When Richard Killmer commissioned me to compose a piece for massed oboes, oboes dʼamore, English horns, bassoons, and contrabassoons in celebration of the 100th anniversary of the Eastman School of Music, he recommended that I listen to Bachʼs BWV 69 cantata, “Lobe den Herrn, meine Seele” (“Praise the Lord, my soul”) for inspiration. The opening movement of that cantata is indeed a thrillingly exuberant exhortation of the faithful, but I found myself drawn even more to its closing chorale, a setting of the Lutheran hymn “Es woll uns Gott genädig sein” (“May God be gracious to us”). Luther paraphrased Psalm 67 for his text; its opening verses implore that “God be merciful to us, and bless us; and cause his face to shine upon us…That thy way be known upon the earth, thy saving health among all nations.” I am not a religious person, but I felt that this plea for “saving health” was particularly, touchingly apt these days.
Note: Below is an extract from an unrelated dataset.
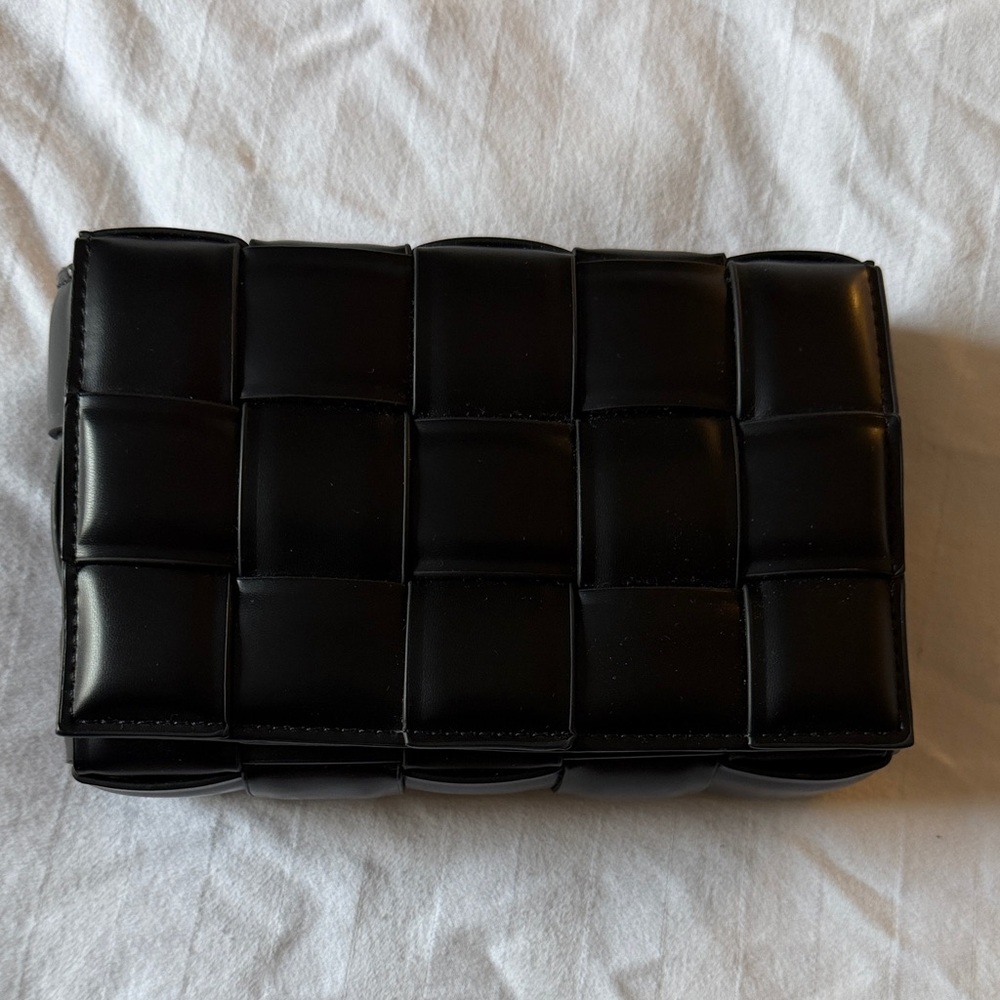 WOVEN CLUTCH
The chorale melody was likely composed by Matthias Greiter in 1524, about two hundred years before Bach composed the first version of his cantata. It is in the pre-tonal Phrygian mode, and Bach had to contort his tonal system of major and minor keys to accommodate it. This, along with Bachʼs unusual choice to add a filigree of trumpets and drums to his chorale harmonization inspired me to compose eleven of my own settings that reference musical styles and languages both pre- and post-Bach. My settings are just that—not variations in the traditional sense, because the tune is always relatively clear and rarely varied but for a few added notes here and there. What changes in these eleven settings is the environment in which the tune appears, along with its tempo, the durations of its pitches.
I was also interested in creating a truly democratic treatment of the ensemble. Throughout, there are solo opportunities for each of the instrument types: a duet for bassoons, a quartet of oboes dʼamore and English horns, another duet for oboes, and a duet for contrabassoons. Separating these smaller ensembles are settings for tutti and near-tutti groupings exploring various textures and moods. The final setting is a chordal, ceremonial hymn.
Before writing a single note of this piece, the French expression “tout le monde” came strongly to mind as its possible title. It means “everyone,” so “tout le monde à la fois” translates as “everyone at once.” This obviously refers to the fact that all the double reeds of the Eastman School would participate in its performance, but I also intend a word-for-word translation of “tout le monde” as “all the world”: an echo of Psalm 67, advocating health “among all nations.”